[Guest Post] Anxiety and Sex: How Panic Attacks During Sex Led to Me Getting the Help I Needed by Ruby Bell

I knew I wanted Ruby Bell to guest blog for me the moment I read one of her several brilliant posts for Girl on the Net. Thankfully, she agreed and pitched me this fabulous piece. You know that, here at C&K HQ, we’re all about the filthiest, sexiest smut… but we’re ALSO all about talking frankly about mental health and all the other complications of life. I’ll hand you over to Ruby, who is going to tell us all about panic attacks and sex. – Amy x

My partner has me against the wall. He has me blindfolded and he’s using a very powerful vibrator on my clitoris. These are some of my absolute favourite things… so why am I moments away from having a full-on panic attack? 

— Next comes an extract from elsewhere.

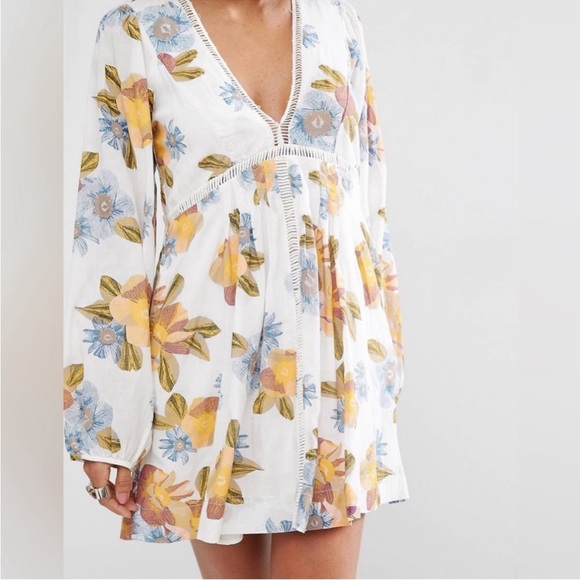 Free People Dresses & Skirts - Free People Strawberry Fields Mini Dress with Yellow & Blue Flowers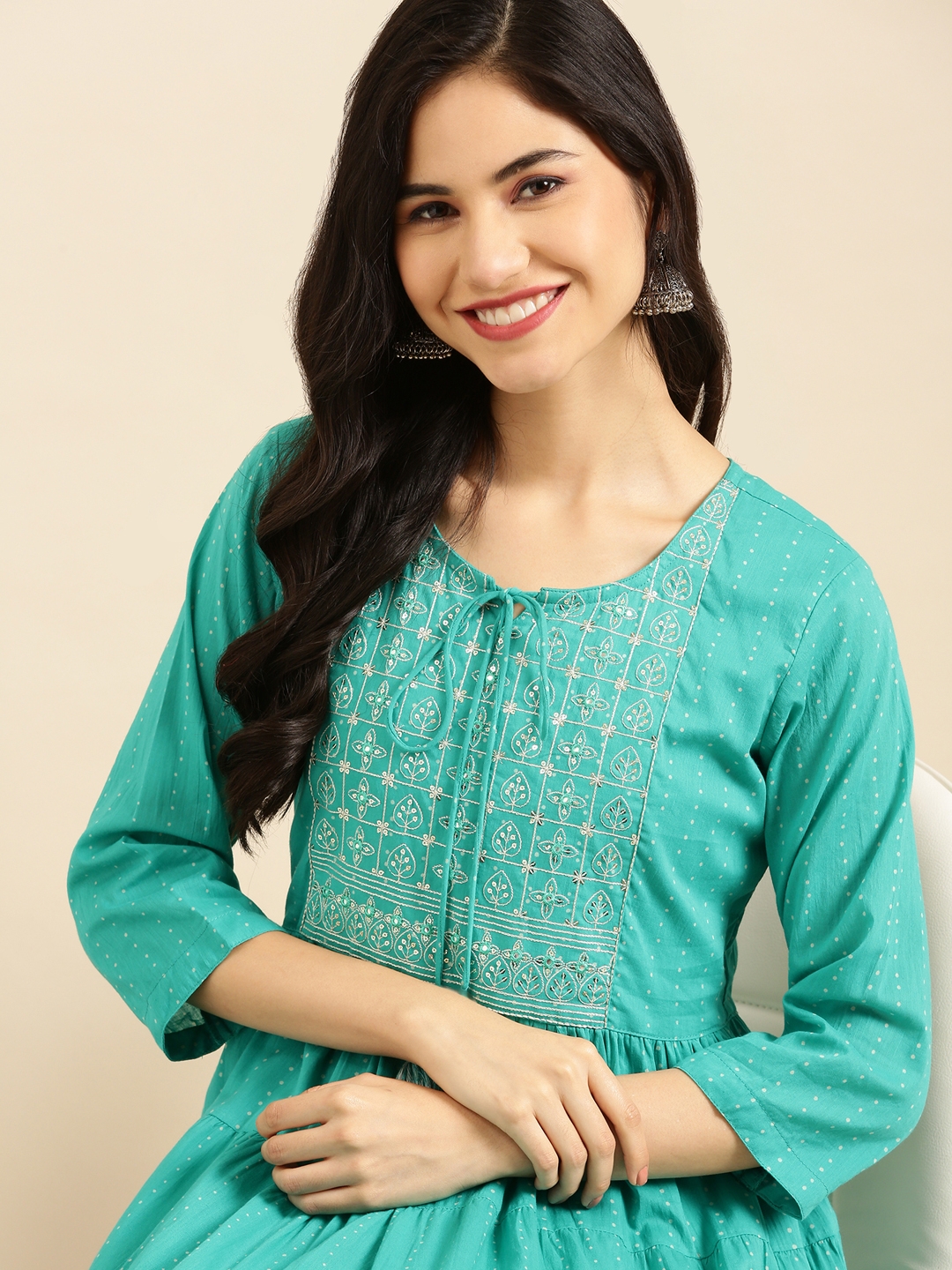 Showoff | SHOWOFF Women Turquoise Blue Solid Round Neck Three-Quarter Sleeves Ankle Length A-Line Kurta 0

Living with anxiety isn’t easy, but it is something we all know a lot more about these days. It’s brilliant that people are talking more about mental health, and most of us are feeling a little less intimidated about sharing our true thoughts and feelings with those we love. Despite all of this progress, it doesn’t make having panic attacks any easier for those of us who struggle with them, and having panic attacks during sex is a part of anxiety not many people talk about. It’s certainly not something I ever expected to have to deal with. 

So, let’s talk about some of the science behind the madness of our minds. The release of oxytocin during sex magnifies emotions as well as promoting trust and empathy with your partner. This suggests that it can encourage a release of feelings that may have nothing to do with what is actually going on in that moment. Maybe you’ve had an argument with your mum recently. Maybe you’ve had a fucking awful week at work or maybe your mental health has just generally been suffering lately. Now you’re in this safe place with the person you trust the most, and all of these things are coming out. It’s quite common for some people to cry during sex, and this can easily go from a few tears to a panic attack if you suffer with anxiety or depression as well. 

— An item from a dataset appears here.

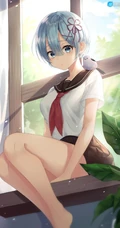 文静可爱的二次元动漫乖乖女，初中生，学生妹子高清手机壁纸图片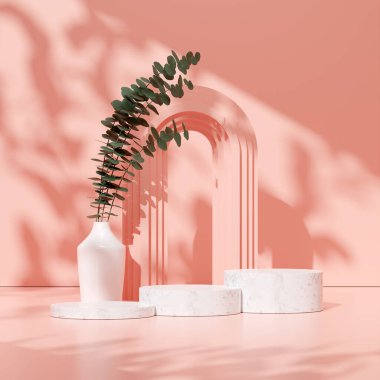 Ürün modelleme doğal arkaplanı için boş uzay podyumunun 3B görüntüleme görüntüsü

The first time I had a panic attack during sex was only the second or third panic attack I’d ever had, which meant I hadn’t yet learnt how to spot the signs of an attack rising or how to calm myself down and prevent it from getting any worse. I barely even knew what a panic attack was! This ended up with me having a pretty out of control, I-can’t-breathe, sobbing-my-heart-out kind of panic attack in front of my (still pretty new at the time) partner… who is standing there enjoying edging me, watching me writhe and squirm with a thick hard cock as he does. 

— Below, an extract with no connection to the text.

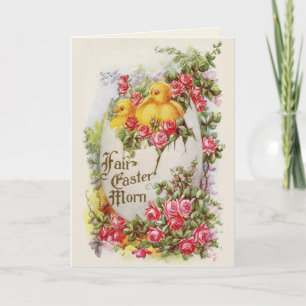 Festiva Tarjeta Victoriana de Pascua de Pollitos y Rosas
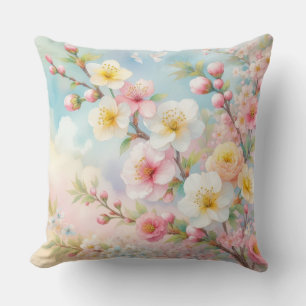 Colourful flowers in soft pastel colours watercolo throw pillow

Fortunately, he dealt with the situation even better than I ever could have asked for. He turned the vibrator off, he removed my blindfold, and when I replaced it with my hands to try and hide my embarrassment he pulled me close to him and held me against his chest. He asked if he had done anything wrong. I sobbed that he hadn’t, that I was enjoying it and I didn’t know why this was happening which actually panicked me even more. He told me it was fine, he told me to breathe and he walked me around the house reminding me to keep breathing. At the time, I thought it was strange and a little comical that two semi-turned-on people were walking around the house together, completely naked for no apparent reason as my face dripped with tears and mascara and my chest heaved with heavy, struggling breaths. I know now that the walking helped to ground me. It helped distract from the panic as well as allowing me to feel close to and loved by my partner. 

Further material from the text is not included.